В течение нескольких недель я всячески сбегал со службы и обследовал эти пригороды. Я ходил от двора к двору, вступал в переговоры с домохозяевами, со спутниками в вагонах, с возрождающимися владельцами пивных, с бабами в очередях, вообще со всеми, кто мне попадался на тяжком моем пути. Результаты были неутешительны. На меня смотрели подозрительно и отвечали невразумительно: «Очень уж все теперь переполнено, жить теперь прямо негде, вот поезжайте вы туда-то и туда-то». Я ехал туда-то и туда-то и получал такие же ответы и советы. Наконец, бродя по очередному пригороду, на этот раз по Салтыковке, выдохшийся и отчаявшийся, за одним из заборов я увидал супружескую пару, мирно пившую чай на веранде. Я попросил напиться. Старушка предложила мне стакан чаю — без сахара, но все-таки чаю.
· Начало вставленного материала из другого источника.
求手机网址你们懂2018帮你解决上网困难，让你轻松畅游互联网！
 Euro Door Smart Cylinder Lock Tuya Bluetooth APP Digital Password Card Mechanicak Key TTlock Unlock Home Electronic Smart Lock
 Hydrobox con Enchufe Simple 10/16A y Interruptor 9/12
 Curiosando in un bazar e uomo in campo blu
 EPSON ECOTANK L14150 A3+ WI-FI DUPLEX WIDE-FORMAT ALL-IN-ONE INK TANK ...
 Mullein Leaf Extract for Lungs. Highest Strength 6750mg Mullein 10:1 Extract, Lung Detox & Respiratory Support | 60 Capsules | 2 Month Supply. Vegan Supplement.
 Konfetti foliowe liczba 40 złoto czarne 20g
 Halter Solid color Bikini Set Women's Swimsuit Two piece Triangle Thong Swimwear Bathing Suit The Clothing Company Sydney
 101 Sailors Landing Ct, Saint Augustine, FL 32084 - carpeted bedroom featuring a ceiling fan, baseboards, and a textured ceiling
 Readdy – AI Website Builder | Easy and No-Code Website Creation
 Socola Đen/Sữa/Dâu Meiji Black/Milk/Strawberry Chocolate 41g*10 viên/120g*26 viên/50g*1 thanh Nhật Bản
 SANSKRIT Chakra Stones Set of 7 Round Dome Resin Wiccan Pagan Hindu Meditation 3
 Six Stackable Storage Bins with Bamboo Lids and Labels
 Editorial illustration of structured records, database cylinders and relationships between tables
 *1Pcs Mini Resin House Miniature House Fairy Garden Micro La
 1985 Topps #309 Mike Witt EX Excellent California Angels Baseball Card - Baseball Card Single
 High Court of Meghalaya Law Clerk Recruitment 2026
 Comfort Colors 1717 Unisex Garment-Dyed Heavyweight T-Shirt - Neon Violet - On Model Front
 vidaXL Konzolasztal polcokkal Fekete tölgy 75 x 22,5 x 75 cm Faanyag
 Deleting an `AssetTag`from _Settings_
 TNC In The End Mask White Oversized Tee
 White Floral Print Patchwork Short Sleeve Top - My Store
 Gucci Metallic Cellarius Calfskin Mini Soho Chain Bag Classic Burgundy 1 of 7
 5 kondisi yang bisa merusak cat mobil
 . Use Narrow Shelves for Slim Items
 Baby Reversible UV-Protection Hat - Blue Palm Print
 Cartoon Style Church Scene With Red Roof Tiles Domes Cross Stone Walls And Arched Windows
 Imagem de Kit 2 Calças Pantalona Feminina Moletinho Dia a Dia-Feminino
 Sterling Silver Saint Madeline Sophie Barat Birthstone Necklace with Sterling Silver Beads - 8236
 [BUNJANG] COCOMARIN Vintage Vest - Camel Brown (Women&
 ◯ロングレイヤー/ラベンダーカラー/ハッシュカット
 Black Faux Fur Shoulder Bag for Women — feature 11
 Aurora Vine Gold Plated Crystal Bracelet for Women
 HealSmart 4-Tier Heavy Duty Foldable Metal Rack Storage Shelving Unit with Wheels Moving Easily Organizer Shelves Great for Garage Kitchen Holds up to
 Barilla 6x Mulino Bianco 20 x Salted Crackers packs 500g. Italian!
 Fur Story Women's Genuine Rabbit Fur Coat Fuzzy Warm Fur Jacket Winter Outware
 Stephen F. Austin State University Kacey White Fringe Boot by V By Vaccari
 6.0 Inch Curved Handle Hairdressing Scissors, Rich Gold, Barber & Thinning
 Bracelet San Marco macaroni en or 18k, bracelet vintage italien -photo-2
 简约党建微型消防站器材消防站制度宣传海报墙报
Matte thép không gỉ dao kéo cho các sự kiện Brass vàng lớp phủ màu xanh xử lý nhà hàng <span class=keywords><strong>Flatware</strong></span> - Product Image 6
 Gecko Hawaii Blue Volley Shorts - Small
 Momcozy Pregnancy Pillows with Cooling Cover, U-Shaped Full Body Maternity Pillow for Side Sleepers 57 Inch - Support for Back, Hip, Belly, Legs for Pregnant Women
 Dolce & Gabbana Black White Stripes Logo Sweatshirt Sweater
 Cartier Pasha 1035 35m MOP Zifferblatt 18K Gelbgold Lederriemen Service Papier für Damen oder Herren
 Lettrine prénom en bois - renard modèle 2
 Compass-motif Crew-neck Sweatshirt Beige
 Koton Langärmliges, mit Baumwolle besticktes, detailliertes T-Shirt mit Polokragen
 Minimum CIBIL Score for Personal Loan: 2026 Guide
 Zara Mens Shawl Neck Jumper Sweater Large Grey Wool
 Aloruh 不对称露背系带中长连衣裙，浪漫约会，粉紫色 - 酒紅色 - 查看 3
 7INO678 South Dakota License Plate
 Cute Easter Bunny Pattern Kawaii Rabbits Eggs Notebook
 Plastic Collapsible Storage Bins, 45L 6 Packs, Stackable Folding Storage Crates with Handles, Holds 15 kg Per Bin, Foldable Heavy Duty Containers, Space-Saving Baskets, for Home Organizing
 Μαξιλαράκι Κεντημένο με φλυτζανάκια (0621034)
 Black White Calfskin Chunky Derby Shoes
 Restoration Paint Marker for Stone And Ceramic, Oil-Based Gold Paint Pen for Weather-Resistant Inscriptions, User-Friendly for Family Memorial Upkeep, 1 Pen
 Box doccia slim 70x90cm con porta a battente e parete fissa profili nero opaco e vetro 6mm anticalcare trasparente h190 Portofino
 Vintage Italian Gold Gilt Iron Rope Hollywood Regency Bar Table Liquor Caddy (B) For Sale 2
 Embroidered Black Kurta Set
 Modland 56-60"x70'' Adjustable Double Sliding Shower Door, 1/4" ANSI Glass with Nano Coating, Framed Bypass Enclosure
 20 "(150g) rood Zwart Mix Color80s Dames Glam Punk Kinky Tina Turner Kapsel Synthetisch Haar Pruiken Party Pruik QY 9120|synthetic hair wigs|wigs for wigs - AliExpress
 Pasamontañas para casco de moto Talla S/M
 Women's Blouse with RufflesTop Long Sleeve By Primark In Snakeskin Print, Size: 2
Я присел и пожаловался на свою судьбу: вот столько недель ищу хоть какого-нибудь жилья — и ничего не могу найти. Старичок уверенно посочувствовал: действительно, ничего найти нельзя. Я пожаловался еще раз: вот, семья торчит в Одессе и привести ее некуда.
— Так вы, значит, из Одессы? — спросил старичок.
Одесса пользуется репутацией самого вороватого города в России. И на вопрос: «Скажите, а вы не из Одессы?» — анекдот отвечает так: я, собственно говоря, из Петербурга… — Ага, — сказал старичок, — а в котором году вы бежали?
Я понял, что попался. И ответил туманно: как и все. Старушка предложила мне еще стакан чаю. Потом поговорили о том, о сем. Потом старушка вышла на кухню, старичок последовал за ней. Что-то шептались. У меня на душе было неуютно: вот проболтался! Но оба супруга скоро вернулись на веранду, и на меня свалилась манна небесная:
— У нас, видите ли, — сказал старичок, — кое-какое помещение есть, только, может быть, дороговато для вас будет — тридцать пять рублей в месяц, две комнаты.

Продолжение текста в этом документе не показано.